*Exercise details*
All that should be output is the block of lines below from the line with "Jam tangan alexandre" to the line with "BORDEIRA - Low", both included, exactly as written.

*Data extracts*
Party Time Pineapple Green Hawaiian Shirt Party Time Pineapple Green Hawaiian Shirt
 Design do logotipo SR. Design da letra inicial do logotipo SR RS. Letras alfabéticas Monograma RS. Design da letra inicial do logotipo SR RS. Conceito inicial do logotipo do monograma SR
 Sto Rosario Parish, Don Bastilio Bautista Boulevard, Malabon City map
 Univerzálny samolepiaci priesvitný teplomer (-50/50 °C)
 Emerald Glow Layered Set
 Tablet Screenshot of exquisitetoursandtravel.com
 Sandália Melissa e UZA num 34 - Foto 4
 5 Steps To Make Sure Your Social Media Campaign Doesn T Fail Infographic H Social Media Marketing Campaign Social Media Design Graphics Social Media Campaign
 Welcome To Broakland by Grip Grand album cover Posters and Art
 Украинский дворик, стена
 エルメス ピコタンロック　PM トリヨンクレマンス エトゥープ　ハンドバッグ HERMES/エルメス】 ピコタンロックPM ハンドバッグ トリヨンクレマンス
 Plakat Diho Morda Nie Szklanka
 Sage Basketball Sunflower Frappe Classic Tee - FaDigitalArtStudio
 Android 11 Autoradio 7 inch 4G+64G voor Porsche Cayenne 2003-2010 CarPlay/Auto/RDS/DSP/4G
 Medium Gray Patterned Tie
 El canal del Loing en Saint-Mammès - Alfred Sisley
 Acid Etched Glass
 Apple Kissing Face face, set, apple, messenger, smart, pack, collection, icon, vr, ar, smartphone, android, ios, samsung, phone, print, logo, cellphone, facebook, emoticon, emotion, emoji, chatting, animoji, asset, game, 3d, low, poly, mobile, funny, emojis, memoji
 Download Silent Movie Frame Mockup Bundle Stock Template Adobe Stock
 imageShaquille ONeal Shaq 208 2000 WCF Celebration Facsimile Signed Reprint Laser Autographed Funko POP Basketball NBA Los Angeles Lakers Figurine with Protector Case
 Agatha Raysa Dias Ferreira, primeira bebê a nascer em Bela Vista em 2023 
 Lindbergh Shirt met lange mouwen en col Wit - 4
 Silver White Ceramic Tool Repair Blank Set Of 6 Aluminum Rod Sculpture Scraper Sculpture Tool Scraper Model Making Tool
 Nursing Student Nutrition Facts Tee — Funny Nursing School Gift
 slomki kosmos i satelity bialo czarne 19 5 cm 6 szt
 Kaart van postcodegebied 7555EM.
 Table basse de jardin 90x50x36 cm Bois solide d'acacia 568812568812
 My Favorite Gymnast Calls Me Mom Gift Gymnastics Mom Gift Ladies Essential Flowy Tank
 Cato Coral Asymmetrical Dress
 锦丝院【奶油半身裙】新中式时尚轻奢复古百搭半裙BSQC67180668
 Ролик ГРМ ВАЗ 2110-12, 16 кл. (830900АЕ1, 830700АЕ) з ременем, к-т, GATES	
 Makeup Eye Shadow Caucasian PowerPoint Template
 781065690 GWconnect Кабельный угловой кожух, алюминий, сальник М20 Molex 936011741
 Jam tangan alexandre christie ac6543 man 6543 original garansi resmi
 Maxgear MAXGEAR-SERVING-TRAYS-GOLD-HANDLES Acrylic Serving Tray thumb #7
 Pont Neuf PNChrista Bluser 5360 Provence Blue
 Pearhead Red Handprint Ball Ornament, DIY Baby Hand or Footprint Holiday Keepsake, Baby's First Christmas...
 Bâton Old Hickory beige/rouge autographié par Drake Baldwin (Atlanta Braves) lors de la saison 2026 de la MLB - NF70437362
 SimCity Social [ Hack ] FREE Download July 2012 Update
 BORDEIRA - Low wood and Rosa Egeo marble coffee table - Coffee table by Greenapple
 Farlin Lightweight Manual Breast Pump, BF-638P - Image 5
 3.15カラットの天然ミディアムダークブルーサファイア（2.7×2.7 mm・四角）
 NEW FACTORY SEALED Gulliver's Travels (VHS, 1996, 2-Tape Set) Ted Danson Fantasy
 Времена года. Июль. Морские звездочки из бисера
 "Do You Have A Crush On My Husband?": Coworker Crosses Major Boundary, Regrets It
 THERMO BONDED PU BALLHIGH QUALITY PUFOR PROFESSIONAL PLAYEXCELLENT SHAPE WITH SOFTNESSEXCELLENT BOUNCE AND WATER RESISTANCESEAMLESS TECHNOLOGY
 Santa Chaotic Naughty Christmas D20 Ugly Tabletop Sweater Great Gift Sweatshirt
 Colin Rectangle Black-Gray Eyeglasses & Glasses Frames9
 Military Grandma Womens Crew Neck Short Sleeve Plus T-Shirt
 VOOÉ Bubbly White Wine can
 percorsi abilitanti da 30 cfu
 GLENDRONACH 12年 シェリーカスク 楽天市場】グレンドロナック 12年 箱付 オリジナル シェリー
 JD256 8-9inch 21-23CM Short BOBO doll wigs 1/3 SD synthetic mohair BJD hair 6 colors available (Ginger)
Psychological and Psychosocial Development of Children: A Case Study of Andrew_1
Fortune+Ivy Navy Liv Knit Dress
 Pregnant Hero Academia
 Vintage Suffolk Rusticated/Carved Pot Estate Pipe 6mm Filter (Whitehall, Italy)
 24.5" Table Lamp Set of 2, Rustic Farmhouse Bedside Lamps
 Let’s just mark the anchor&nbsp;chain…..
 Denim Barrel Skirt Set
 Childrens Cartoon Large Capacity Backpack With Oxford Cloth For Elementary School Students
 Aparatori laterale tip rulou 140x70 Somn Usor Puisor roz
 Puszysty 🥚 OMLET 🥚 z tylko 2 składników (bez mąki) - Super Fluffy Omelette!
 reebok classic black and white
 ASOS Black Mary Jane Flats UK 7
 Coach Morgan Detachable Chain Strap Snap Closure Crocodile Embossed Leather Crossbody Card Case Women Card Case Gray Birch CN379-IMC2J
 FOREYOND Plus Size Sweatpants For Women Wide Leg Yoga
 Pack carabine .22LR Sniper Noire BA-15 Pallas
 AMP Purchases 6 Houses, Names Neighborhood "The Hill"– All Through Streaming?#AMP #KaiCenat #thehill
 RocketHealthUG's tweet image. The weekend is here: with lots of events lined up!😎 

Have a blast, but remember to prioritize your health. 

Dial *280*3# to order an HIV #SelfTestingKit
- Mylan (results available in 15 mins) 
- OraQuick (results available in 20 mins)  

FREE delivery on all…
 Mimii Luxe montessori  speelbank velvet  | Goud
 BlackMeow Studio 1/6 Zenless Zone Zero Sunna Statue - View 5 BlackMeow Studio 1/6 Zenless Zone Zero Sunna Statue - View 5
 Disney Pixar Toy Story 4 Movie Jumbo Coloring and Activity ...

*Response below*
 Jam tangan alexandre christie ac6543 man 6543 original garansi resmi
 Maxgear MAXGEAR-SERVING-TRAYS-GOLD-HANDLES Acrylic Serving Tray thumb #7
 Pont Neuf PNChrista Bluser 5360 Provence Blue
 Pearhead Red Handprint Ball Ornament, DIY Baby Hand or Footprint Holiday Keepsake, Baby's First Christmas...
 Bâton Old Hickory beige/rouge autographié par Drake Baldwin (Atlanta Braves) lors de la saison 2026 de la MLB - NF70437362
 SimCity Social [ Hack ] FREE Download July 2012 Update
 BORDEIRA - Low wood and Rosa Egeo marble coffee table - Coffee table by Greenapple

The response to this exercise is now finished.